What you should do: Copy nothing but the text: reproduce each line of the listing exactly and leave the pictures out.
BEGIN Data in this exercise
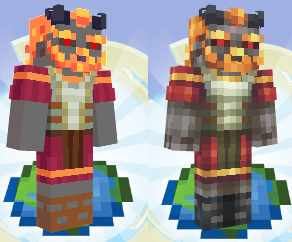 DinowCookie comparison of an unshaded and shaded Minecraft character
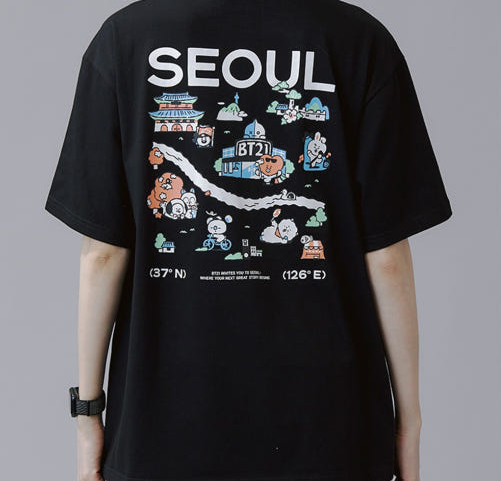 BT21 - SEOUL EDITION SHORTSLEEVE T-SHIRT VER1 BLACK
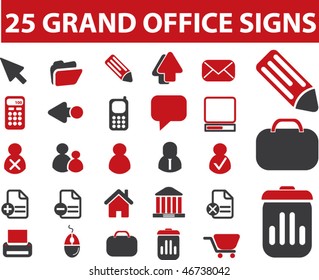 25 grand office signs. vector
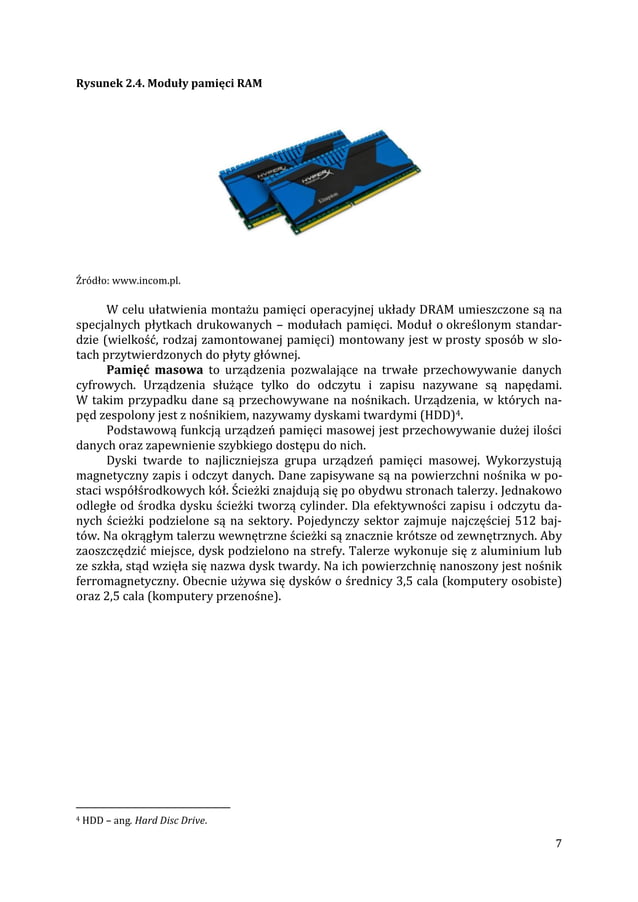 Podstawowe elementy systemu komputerowego | PDF | Operating Systems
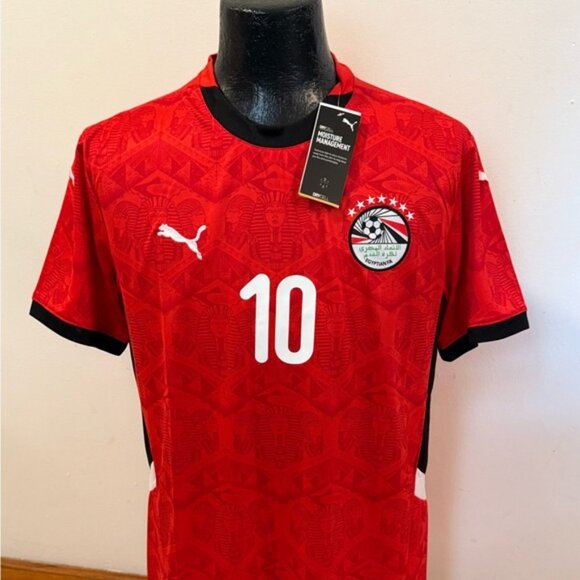 Egypt Egipto Mohamed Salah # 10 Jersey , Unisex - Picture 5 of 16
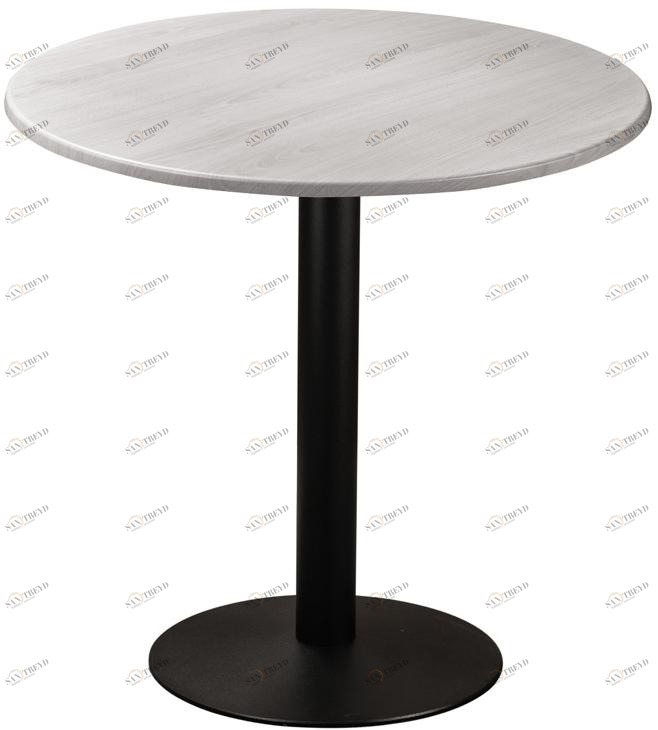 2640 Стол Классик D80 Белое дерево R-HOME 160402+170502white_wood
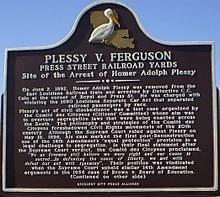 Plessy v. Ferguson by Supreme Court of the United States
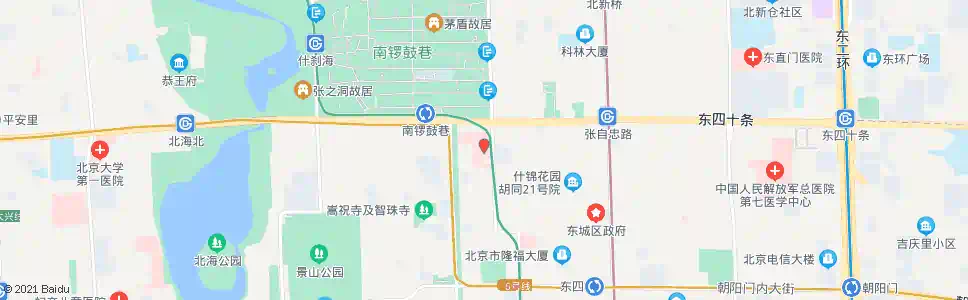 北京中医医院_公交站地图_北京公交_妙搜公交查询2025
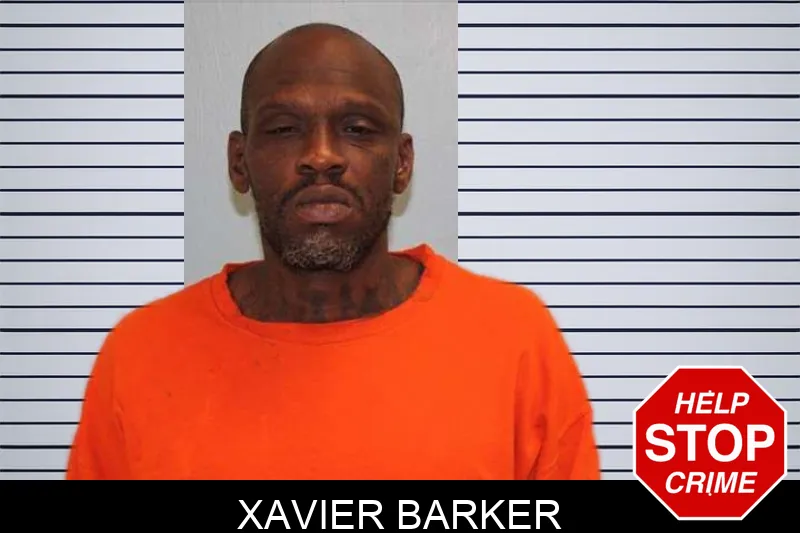 Xavier Barker mugshot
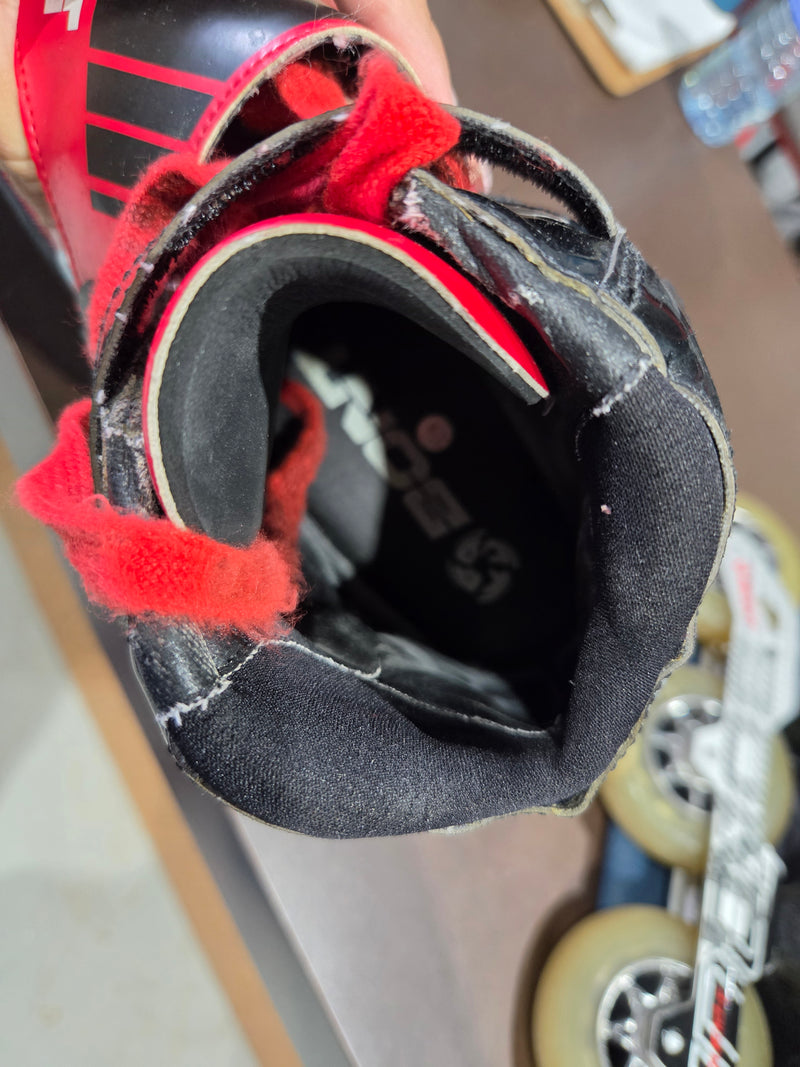 EU38.5 Bont Semi-Race Red Inline Speed Skates with Bag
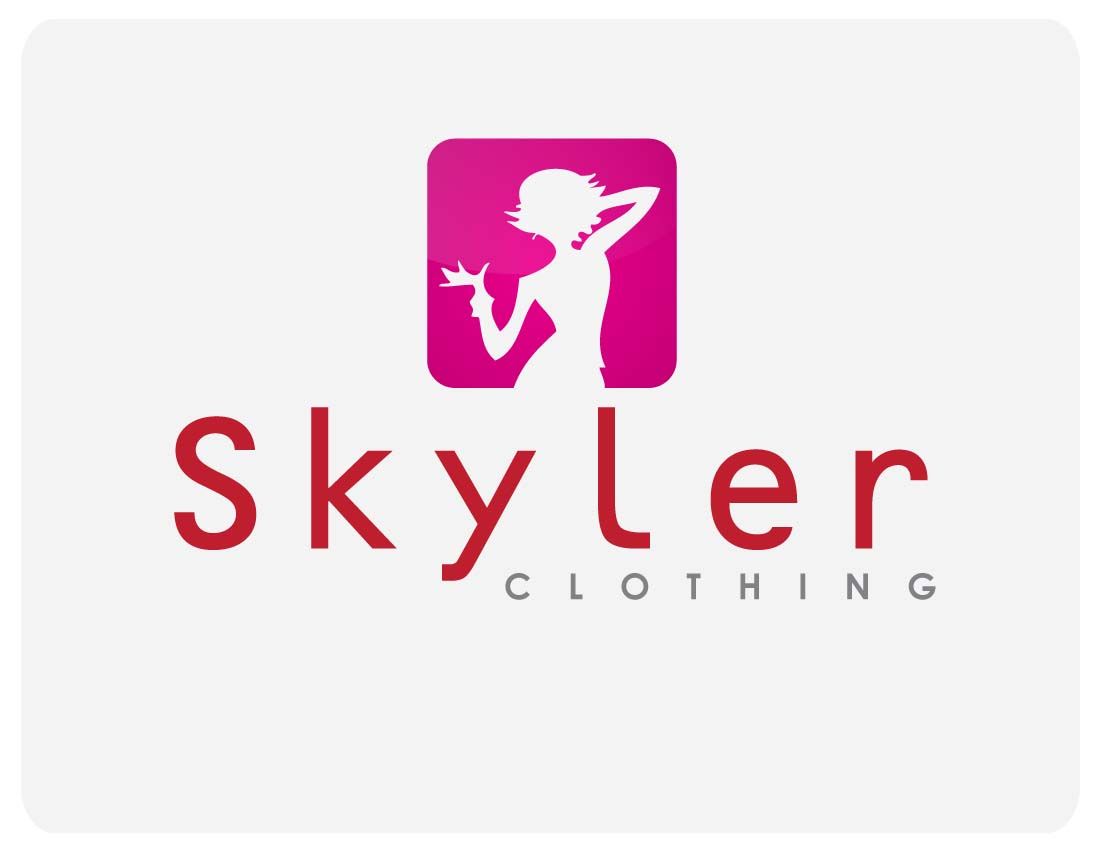 Logo Skyler Clothing rosa, 1100x850 HD, PC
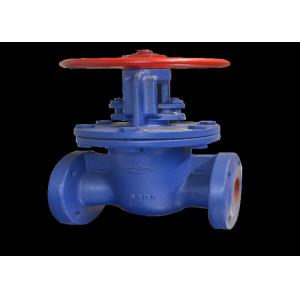 China GOST Cast Iron Flanged Gate Valve With Handle Full Port Lightweight supplier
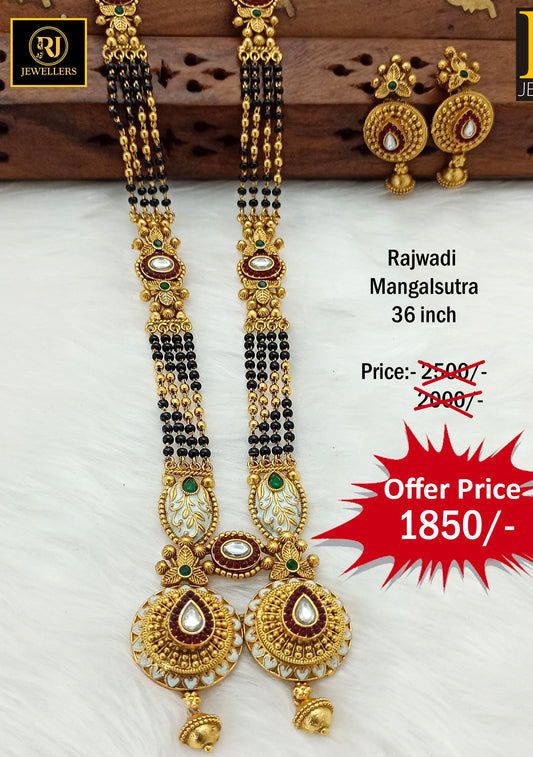 Rajwadi Long Mangalsutra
END Data in this exercise
Written reply:
 DinowCookie comparison of an unshaded and shaded Minecraft character
 BT21 - SEOUL EDITION SHORTSLEEVE T-SHIRT VER1 BLACK
 25 grand office signs. vector
 Podstawowe elementy systemu komputerowego | PDF | Operating Systems
 Egypt Egipto Mohamed Salah # 10 Jersey , Unisex - Picture 5 of 16
 2640 Стол Классик D80 Белое дерево R-HOME 160402+170502white_wood
 Plessy v. Ferguson by Supreme Court of the United States
 北京中医医院_公交站地图_北京公交_妙搜公交查询2025
 Xavier Barker mugshot
 EU38.5 Bont Semi-Race Red Inline Speed Skates with Bag
 Logo Skyler Clothing rosa, 1100x850 HD, PC
 China GOST Cast Iron Flanged Gate Valve With Handle Full Port Lightweight supplier
 Rajwadi Long Mangalsutra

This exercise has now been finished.